Miro: The Ladder of Escape

Saturday afternoon at the Tate Modern and the Miró exhibition is packed. In a smart move, we chose to navigate the rooms back to front, eventually exiting at the entrance. Doing so led us to contemplate the following question: was it imperative for Miró, and indeed, did he, learn traditional, classical painting skills before turning to the impressionistic style he is famous for?

Our journey through the 13 rooms of his artwork led us to the answer; or rather, to Miró’s 1920s canvas; ‘The Farm’. This painting alone exemplifies both Miró’s ability to paint with the utmost skill, plus offers an early glimpse of his abstract work which was to arrive years later.

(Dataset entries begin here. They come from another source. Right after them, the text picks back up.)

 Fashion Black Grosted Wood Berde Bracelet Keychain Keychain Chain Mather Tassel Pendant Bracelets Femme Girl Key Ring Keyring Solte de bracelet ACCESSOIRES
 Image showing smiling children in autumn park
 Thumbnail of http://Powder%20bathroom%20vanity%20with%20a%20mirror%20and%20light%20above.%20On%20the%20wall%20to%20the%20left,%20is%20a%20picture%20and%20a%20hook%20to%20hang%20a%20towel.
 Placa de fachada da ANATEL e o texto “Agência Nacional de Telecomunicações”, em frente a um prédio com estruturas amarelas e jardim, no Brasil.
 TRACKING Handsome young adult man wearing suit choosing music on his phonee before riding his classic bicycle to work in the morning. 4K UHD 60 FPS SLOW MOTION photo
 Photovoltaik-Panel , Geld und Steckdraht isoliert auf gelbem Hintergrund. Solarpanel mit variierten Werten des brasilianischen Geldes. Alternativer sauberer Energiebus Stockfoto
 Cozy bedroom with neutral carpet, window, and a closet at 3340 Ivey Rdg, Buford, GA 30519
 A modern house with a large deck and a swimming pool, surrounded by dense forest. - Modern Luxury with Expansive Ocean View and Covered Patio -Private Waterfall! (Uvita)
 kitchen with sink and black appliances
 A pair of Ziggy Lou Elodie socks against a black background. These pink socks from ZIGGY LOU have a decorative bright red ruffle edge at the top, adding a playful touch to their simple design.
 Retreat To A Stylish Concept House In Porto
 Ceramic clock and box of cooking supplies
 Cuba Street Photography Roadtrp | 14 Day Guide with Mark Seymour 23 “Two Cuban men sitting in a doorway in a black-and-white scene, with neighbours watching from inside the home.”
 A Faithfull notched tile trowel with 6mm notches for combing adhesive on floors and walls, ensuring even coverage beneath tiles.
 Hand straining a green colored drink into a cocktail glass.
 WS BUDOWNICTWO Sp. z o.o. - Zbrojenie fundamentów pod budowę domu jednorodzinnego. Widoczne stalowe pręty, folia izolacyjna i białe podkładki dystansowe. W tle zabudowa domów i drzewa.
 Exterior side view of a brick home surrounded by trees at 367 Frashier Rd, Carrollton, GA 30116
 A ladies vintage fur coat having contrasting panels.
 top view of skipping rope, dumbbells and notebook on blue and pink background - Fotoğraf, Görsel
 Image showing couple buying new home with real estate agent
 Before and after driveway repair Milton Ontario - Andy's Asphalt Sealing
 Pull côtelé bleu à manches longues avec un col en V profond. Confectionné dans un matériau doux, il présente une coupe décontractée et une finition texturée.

In short, The Ladder of Escape not only offers a rare opportunity to get up close and personal with Miró’s masterpieces, but also the chance to experience firsthand the natural development of Miró’s world renowned and instantly recognisable style.

The Farm, 1921-1922

Personages and Mountains, 1936

The Escape Ladder, 1940

Hope of a Condemned Man I, 11, 111, 1974

Miró: The Ladder of Escape is on at the Tate Modern, London, until 11th September.

1 comment:

Kodanshi said...

I visited this exhibition and I'd say that Hope of a Condemned Man was my absolute favourite.